◆ **The task**
Wherever the line with "KuWFi 1800Mbps WiFi" sits in the listing below, transcribe from it up to and including the line with "Arab Businessman taking", exactly, and leave the remaining lines out.

◆ **Material for the task**
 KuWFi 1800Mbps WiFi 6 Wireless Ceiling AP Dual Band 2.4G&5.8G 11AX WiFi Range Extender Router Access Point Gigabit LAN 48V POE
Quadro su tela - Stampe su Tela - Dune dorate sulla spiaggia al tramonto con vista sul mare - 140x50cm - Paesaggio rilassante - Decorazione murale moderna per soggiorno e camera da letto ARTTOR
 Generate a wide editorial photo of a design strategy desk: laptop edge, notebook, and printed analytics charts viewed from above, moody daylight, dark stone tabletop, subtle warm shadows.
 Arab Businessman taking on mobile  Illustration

...

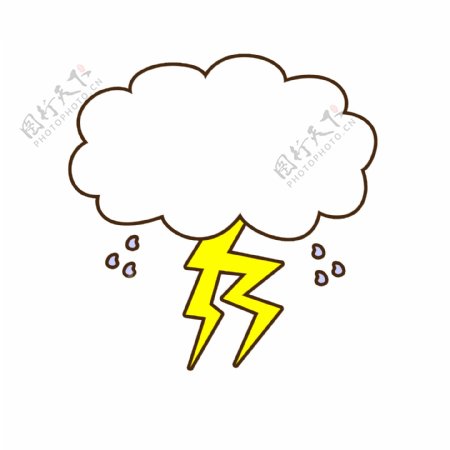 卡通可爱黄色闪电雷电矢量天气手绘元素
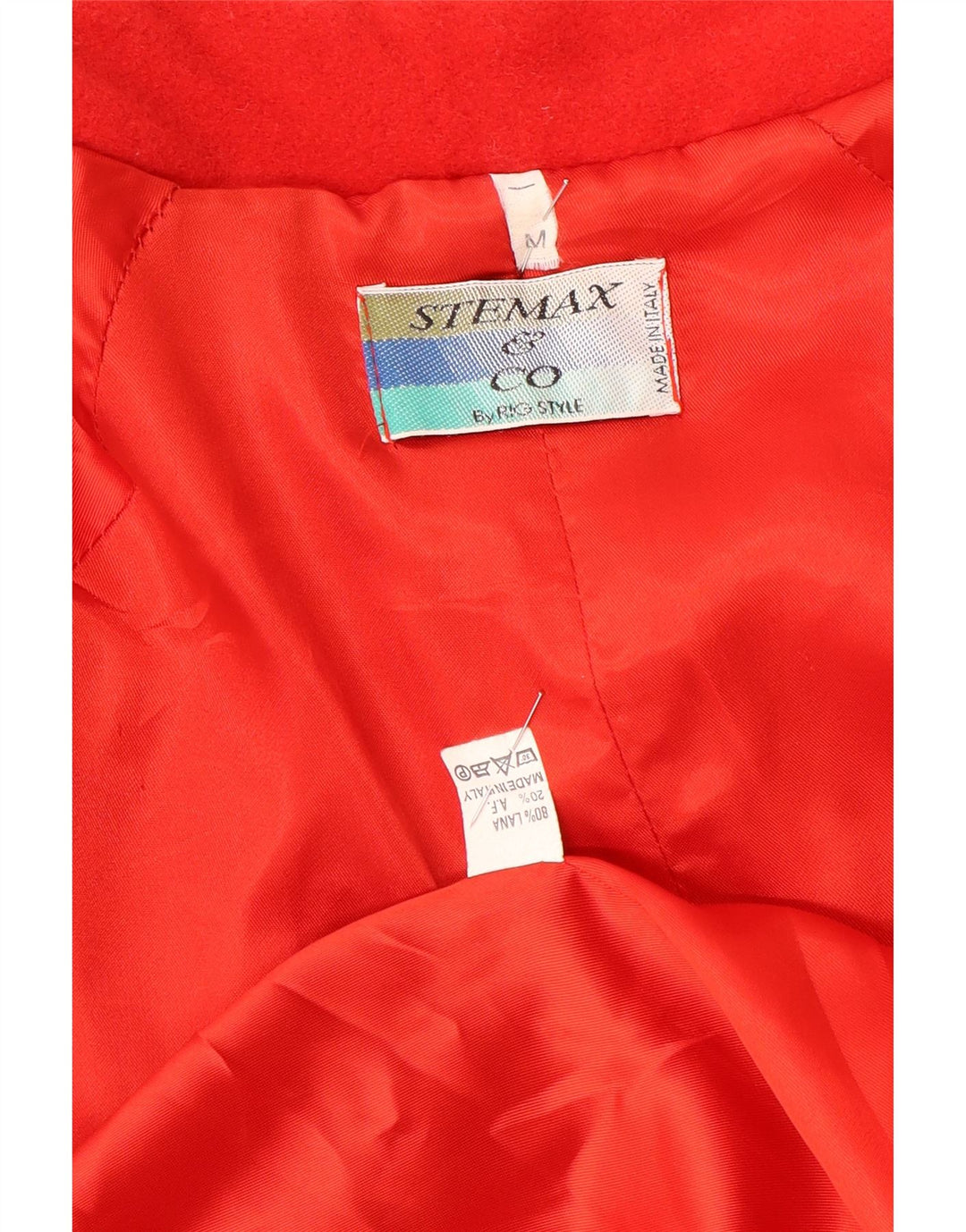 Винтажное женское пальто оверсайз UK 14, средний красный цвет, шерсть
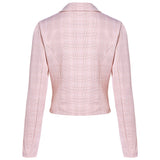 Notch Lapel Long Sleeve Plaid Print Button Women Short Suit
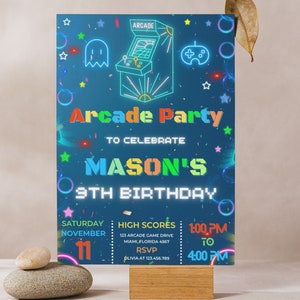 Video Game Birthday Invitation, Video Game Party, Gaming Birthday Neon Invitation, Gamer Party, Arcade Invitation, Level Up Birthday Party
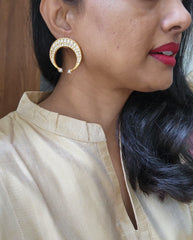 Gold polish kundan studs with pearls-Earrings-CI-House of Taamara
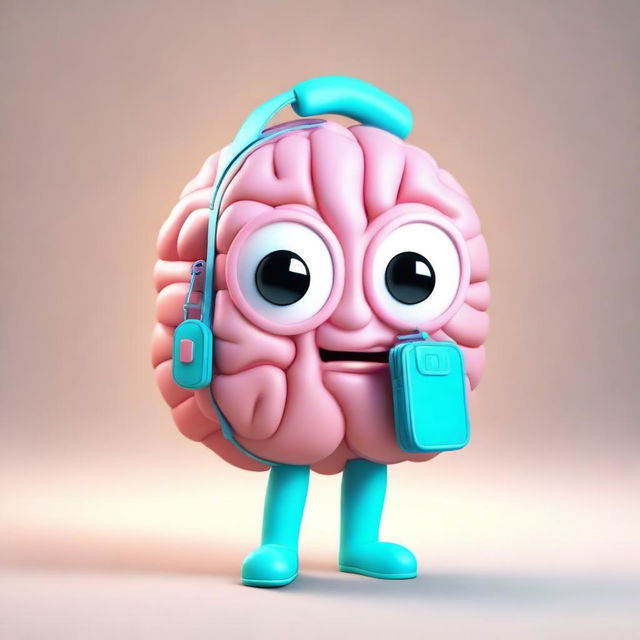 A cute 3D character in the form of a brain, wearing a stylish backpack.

◆ **Output of the exercise**
 KuWFi 1800Mbps WiFi 6 Wireless Ceiling AP Dual Band 2.4G&5.8G 11AX WiFi Range Extender Router Access Point Gigabit LAN 48V POE
Quadro su tela - Stampe su Tela - Dune dorate sulla spiaggia al tramonto con vista sul mare - 140x50cm - Paesaggio rilassante - Decorazione murale moderna per soggiorno e camera da letto ARTTOR
 Generate a wide editorial photo of a design strategy desk: laptop edge, notebook, and printed analytics charts viewed from above, moody daylight, dark stone tabletop, subtle warm shadows.
 Arab Businessman taking on mobile  Illustration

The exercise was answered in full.